Se retrouver dans ce cadre évocateur où se passèrent les plus chères années de jeunesse dans l'émoi des grands enthousiasmes et des vastes espoirs, s'asseoir dans ce fauteuil où l'on a été précédé par des hommes qui ont occupé les premiers rangs dans les sciences, l'administration, l'armée, l'industrie, la politique, les arts, c'est-à-dire tout ce dont est faite la grandeur de la patrie, se voir entouré des représentants de toutes les promotions où, aux têtes blanchies sous la neige des années, se mêlent les figures juvéniles des conscrits de vingt ans, tenir dans ses mains pendant quelques instants le flambeau sacré où, à travers les vicissitudes de son histoire, n'a cessé de s'alimenter l'âme polytechnicienne, quelle mission magnifique, quel enviable destin !

Aussi quand, il y a quelques semaines, le Comité de la Société Amicale où se groupent les meilleurs de nos camarades pour leur dévouement et leur bienfaisance — et comment ne dirais-je pas à mon tour la profonde tristesse que nous a causée la mort de notre dévoué Secrétaire — quand le Comité vint me demander au Petit Luxembourg de présider la réunion de celte année, il obtint aussitôt mon adhésion. Parmi les multiples manifestations auxquelles j'ai été mêlé au cours d'une vie publique déjà longue, il n'en est pas qui m'ait valu fierté plus légitime, satisfaction plus intime.

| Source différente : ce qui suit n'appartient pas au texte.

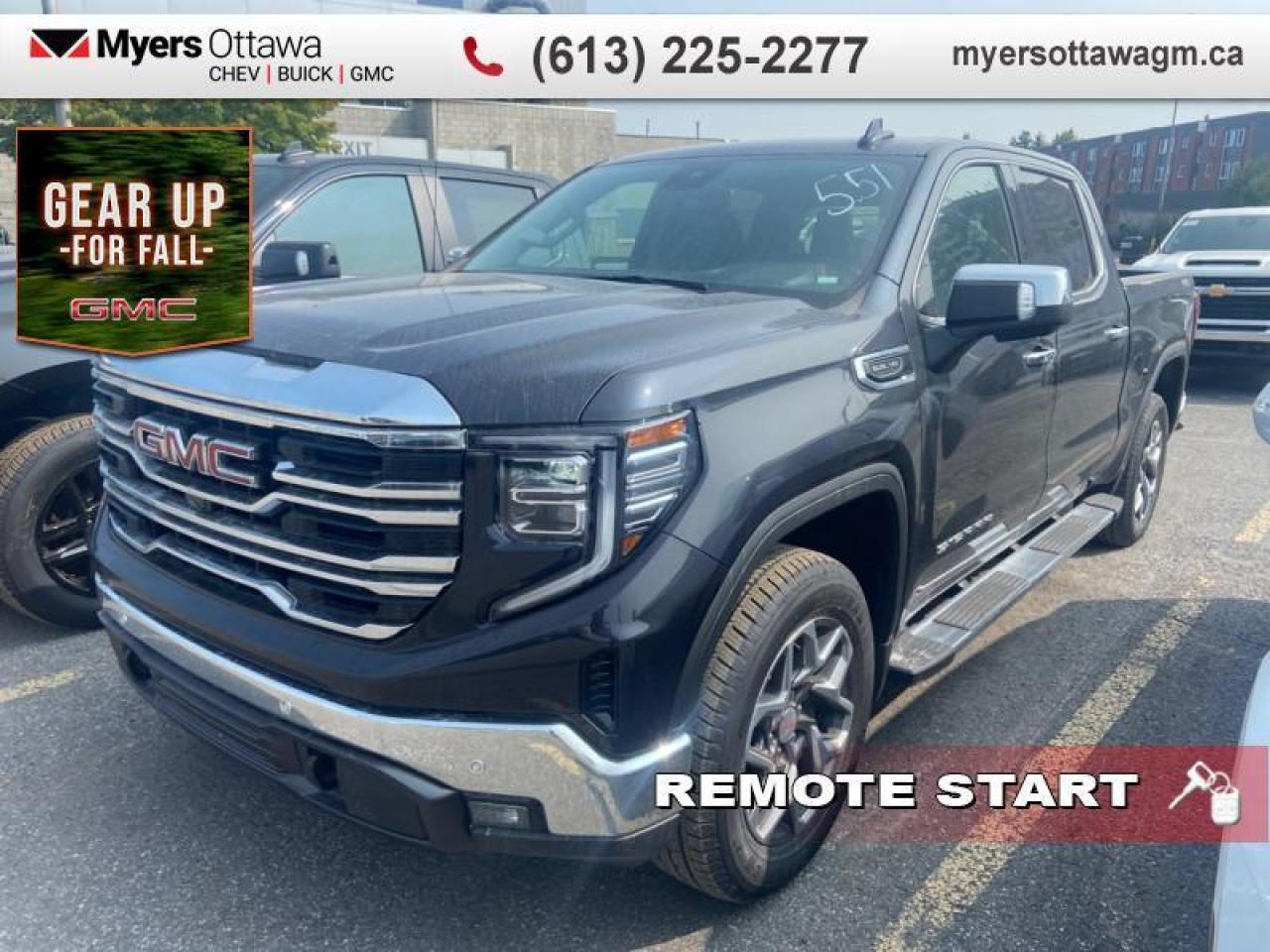 New 2023 GMC Sierra 1500 SLT for sale in Ottawa, ON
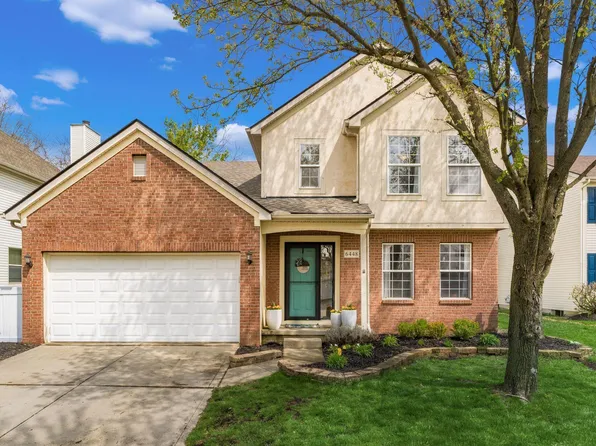 6448 Gossamer Ct, Westerville, OH 43081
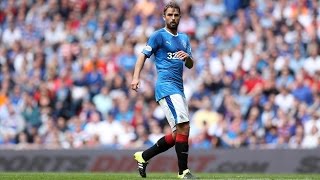 Niko Kranjcar vs Celtic 10916 [upl. by Nahtnoj]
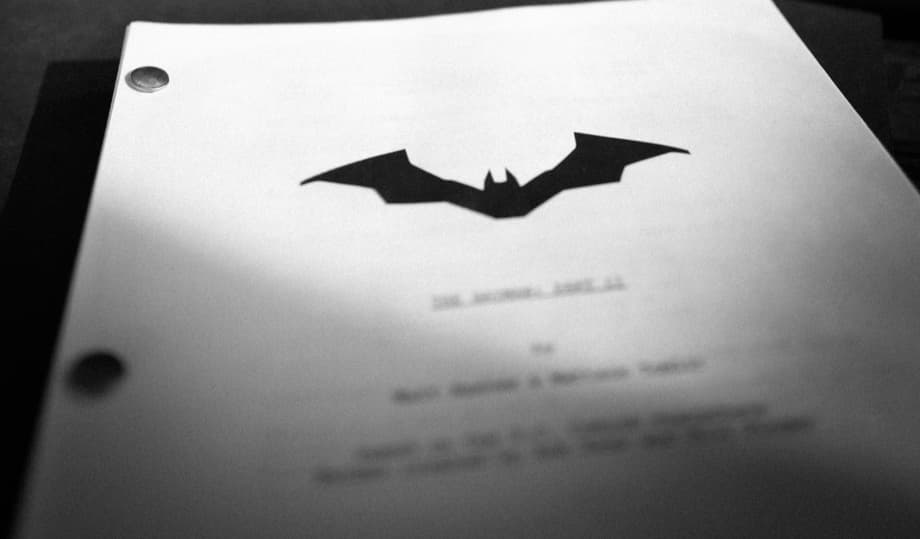 James Gunn Hasn't Read THE BATMAN II Script: &quot;I'm Hoping [To] Read It On The Plane... But I Might Fall Asleep&quot;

Aussi bien, depuis 1892, année où je sortis de l'École, j'ai gardé avec elle les contacts les plus étroits. J'ai conscience, à cet égard, d'être un favorisé du sort. Mes occupations et mes résidences m'ont toujours permis de prendre part aux réunions et aux fêtes qui ont marqué depuis les principales étapes de sa vie.

A peine avais-je quitté la rue de la Montagne-Sainte-Geneviève pour aller, non loin d'ici, poursuivre mes études à l'École du boulevard Saint-Michel, qu'on entrait dans l'année du Centenaire, 1794-1894.

L'occasion était propice pour jeter un coup d'œil d'ensemble sur le siècle passé, rappeler les œuvres auxquelles l'École avait été associée depuis sa création et évoquer les noms des plus grands de ses fils.

On n'y manqua pas. Des fêtes magnifiques furent organisées. Un livre du Centenaire, tout plein de substance, fut rédigé. Un tableau fixa sur la toile le souvenir de la remise de ce document au Chef de l'État d'alors, notre Camarade le Président Sadi-Carnot : au premier rang y figurent les plus illustres parmi les anciens élèves de l'époque; au second plan, estompés dans la brume du temps, apparaissent les fondateurs, de Monge à Lamblardie, de Fourcroy à Carnot, cependant que dans le lointain le conscrit de 1894 rejoint dans une fraternelle étreinte son antique d'un siècle.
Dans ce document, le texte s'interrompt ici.